Sunday, April 19, 2020

Age 14 to 77

The suggested articles that DuckDuckGo puts in front of me includes this claim that our personalities change to unrecognisability from age 14 to 77. Except in my case that is not even close to true. The study speaks about teachers rating Scottish 14 year olds in 1950 on a variety of attributes that they summarise as "dependability," then following up on that decades later, with self-report and friend report of that percentage of subjects they could track down.

Fourteen-year-olds are generally not dependable, and even the component parts of that seem to my eyes to be highly subjective, depending on the sorts of things teachers like to see, rates of physical and emotional maturation, and cultural accidents such as who you have in your class and what siblings have had this teacher before. This is not good initial data, which is what you are hoping to compare to years later.  I think running that data on 10-year-olds would have given you more stable results, because puberty wouldn't be interfering. Ages 12-15 are very much a moving target.

Plus they had been through a war and economic restrictions quite recently, far more lengthy and extensive than anything we are facing now. Dad might have died, and you are still in childhood. That might matter. I don't know that, but it's worth keeping in mind.

At the other end, the data at 77 on how "dependable" you are is going to be heavily influenced, both in your estimation and your friend's, with what you have accomplished in life.  That will of course have some correlation to your personality, but halo (or trident) effects that include your intelligence, your luck, your external circumstances, and recency bias will color, or colour, those evaluations.

At fourteen I was highly conversational, friendly and complimenting others, with a constant stream of interrupting others to clarify what they were attempting to say and the word they were seeking, with creative solutions verbalised, daydreaminess and difficulty focusing on a topic for long. I sought new intellectual but not physical experiences (relatively.  Teenage boys do just do that excitement-seeking thing.) As to Big Five traits, I had high agreeableness and moderately high neuroticism.  I would likely score higher on conscientiousness now than then.  I suppose that's different, but compared to others my age, then and now, I don't know that there's going to be something measurable. Other than that last I show dramatic similarity, and people at reunions often comment on it.

Let me tell you what I think is going on with studies like this, other than a simple desire to publish something to keep your job at university. They want to create a bank of supporting evidence that Eastern religions are truer than Western ones.  That may not be conscious or explicit, but it is showing up in the social sciences a lot these days. They don't like the ideas of legacy and cultural continuity. They like to think they made huge changes and improvements after their (delayed) independence from their parents and then their divorce.

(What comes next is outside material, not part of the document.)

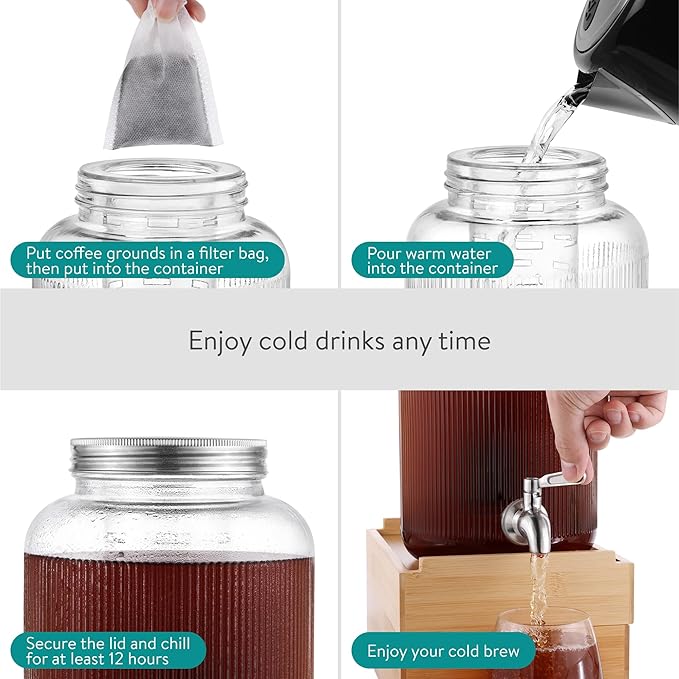 Navaris Glass Drink Dispenser with Tap - 4L (1 gal) Ripple Design Beverage Dispenser with Ice Insert &amp Fruit Infuser - for Cold Brew Coffee Cocktails Juice Water &amp other Drinks
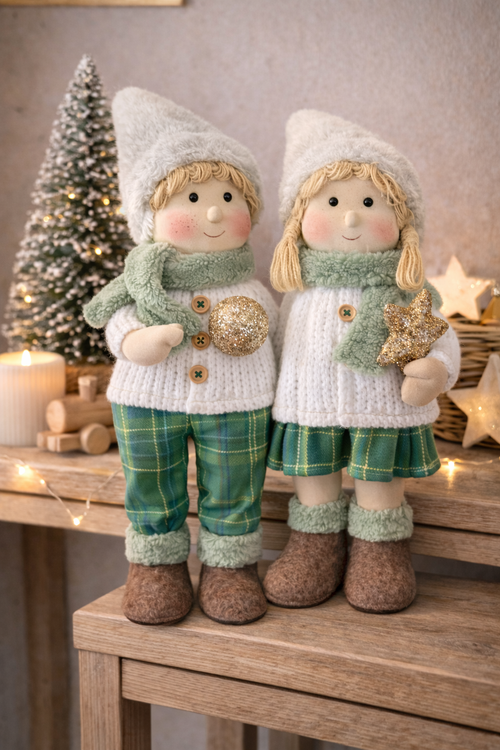 45cm standing Winter Boy and Winter Girl Christmas decorations styled together as a pair on timber console with frosted Christmas tree and fairy lights — Mistletoe Home Australia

While I am deeply humiliated by the 14 y/o I was, I also still like him.  I'm not sure that's true for people doing studies like this one.

4 comments:

Christopher B said...

Is this something you've written about before? Because I really didn't see the religion thing coming from how this started.

Assistant Village Idiot said...

Nah, I just got carried away. It wasn't there when I started writing, you picked that up accurately. That East vs West dynamic, especially in modern American religion, is a constant substrate in my thinking, but most of my writing on it was in the first decade of blogging 2005-2015. That was when I did most of my psych writing and linguistics writing also. I do mostly culture commentary now.

james said...

It's hard to be sure of what I was like then. Some things other people notice quicker than you do yourself, and some of the really stupid moments burn strongly enough that they tend to dominate memories.
I can try to do a "transect" of a day, but most of it is a blur. Some incidents that I recall display eager enthusiasm and wide interests, and others pride, misanthropy, and fear. I think I would have a hard time putting up with the earlier me.

Assistant Village Idiot said...

Well, fourteen years old. Seldom a man's best year.